Former national security adviser slams White House over Viktor Bout-Brittney Griner swap
Former US National Security Advisor John Bolton has denounced Thursday’s high-level prisoner swap with Russia, saying it was a sign of weakness that emboldens “terrorists and rogue states.”
“The Bout-for-Griner prisoner swap is not a trade, it’s an American surrender. This is not what American strength looks like. Terrorists and rogue states are smiling,” Bolton said on Twitter.
Russian national Viktor Bout, sentenced in the US to 25 years on arms smuggling charges, was exchanged for basketball star Brittney Griner, who was sentenced in August to nine years in a Russian penal colony for drug trafficking. The trade took place in the United Arab Emirates.
The US and Russia pardoned both of them before the swap, which was mediated by the UAE and Saudi Arabia, according to the joint statement released by the two Gulf states on Thursday.
While Bolton did not elaborate on why he considered the swap a “surrender,” most of the criticism directed at President Joe Biden has involved the fact that he picked WNBA’s Griner over Paul Whelan, a retired US Marine convicted of espionage in 2020 and sentenced to 16 years.

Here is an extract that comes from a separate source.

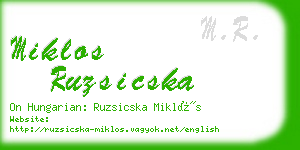 miklos ruzsicska business card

The US considers charges against Whelan “totally illegitimate,” White House press secretary Karine Jean-Pierre told reporters on Thursday afternoon, but said the choice ended up being “to either bring Brittney home or no one.” Biden will “never stop working” to secure Whelan’s release, she added.

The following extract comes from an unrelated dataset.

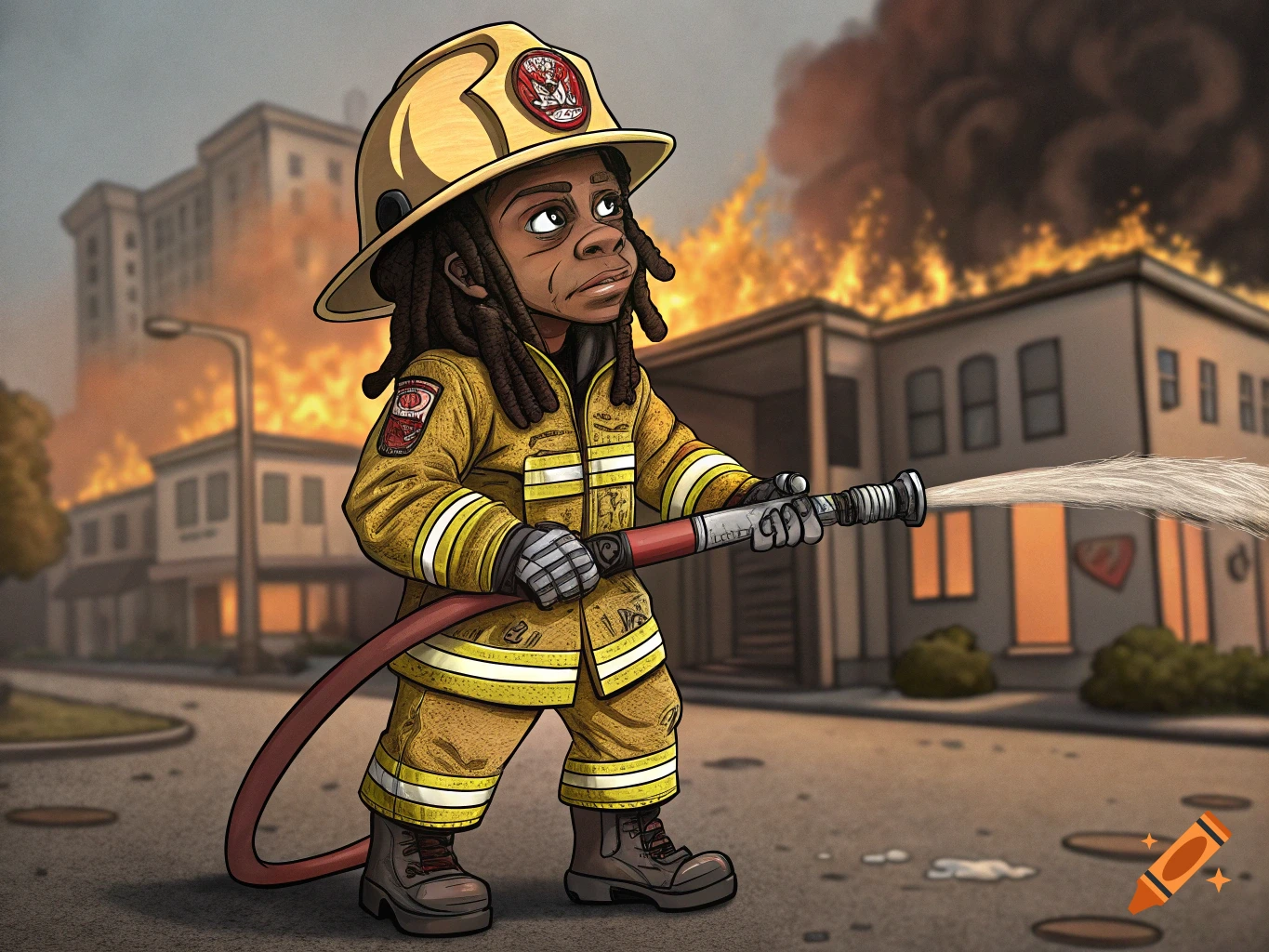 Cartoon of a person resembling Lil Wayne as a fireman fighting a fire with a hose.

Asked about the Saudi and UAE role in the swap, Jean-Pierre said “there was no mediation involved” and that only Russia and the US were at the table.

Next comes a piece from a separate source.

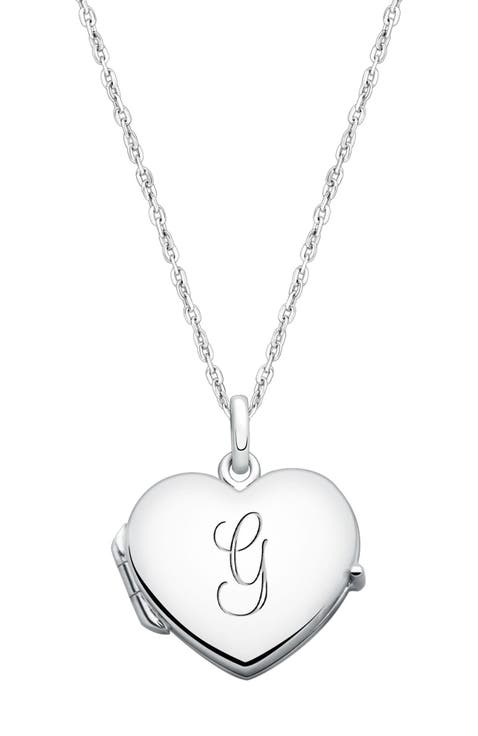 Sterling Silver Heart Locket & Engraved Initial 14-16" Necklace
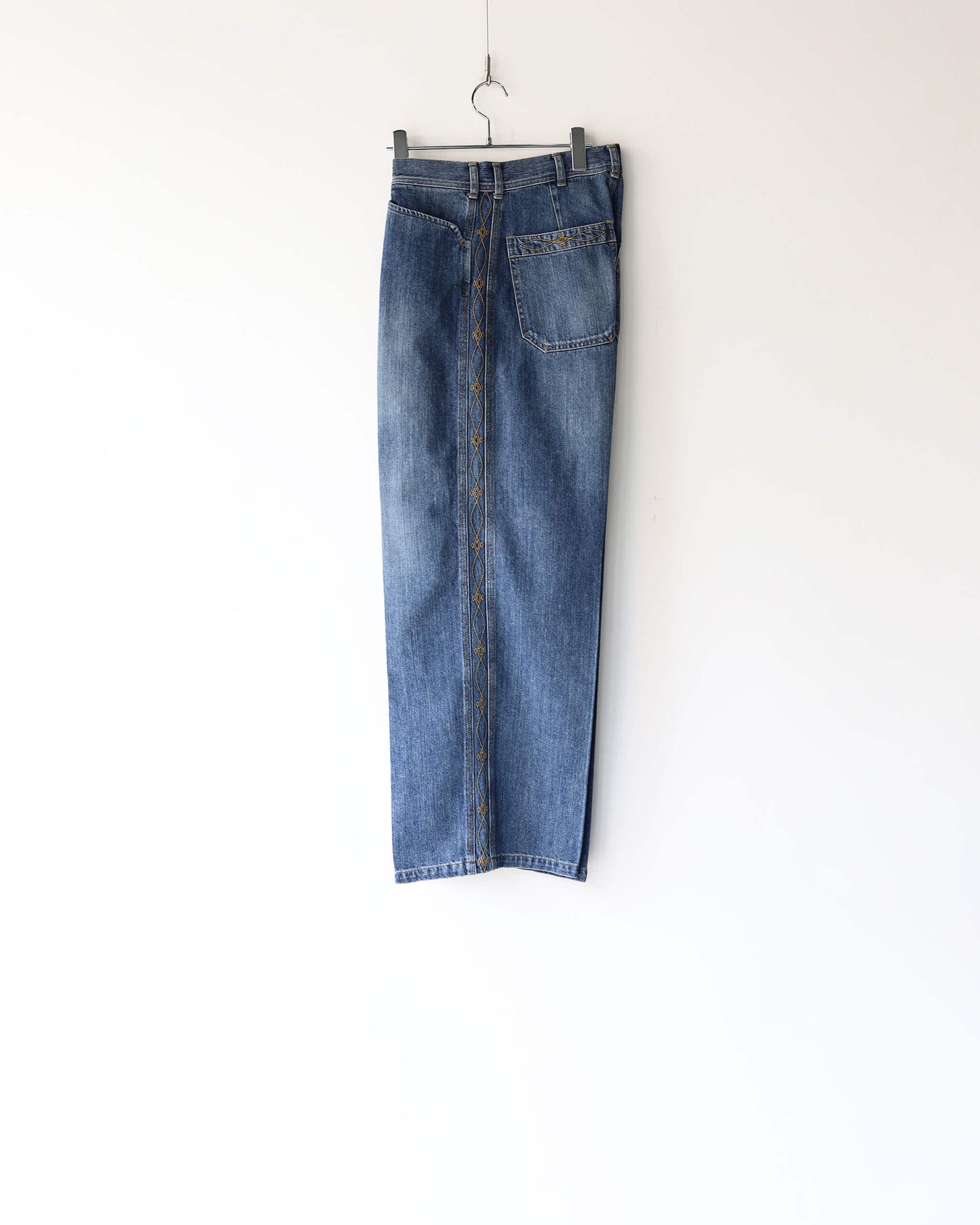 WIDE EMBROIDERY DENIM PANTS "WASHED INDIGO"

“On a personal note, Brittney is more than an athlete, more than an Olympian, she is an important role model, an inspiration to millions of Americans, particularly the LGBTQI+ Americans and women of color,” added Jean-Pierre, who herself made headlines as the first black lesbian to speak for the White House.
Bolton is a long-time foreign policy hawk, who was President Donald Trump’s national security adviser between April 2018 and September 2019. After he was fired, presumably for ruining the nuclear talks with North Korea, he became an outspoken critic of Trump. Though he has never held elected office, Bolton said last week he’d be willing to run for the Republican nomination in 2024 if other GOP hopefuls don’t “repudiate” the 45th president.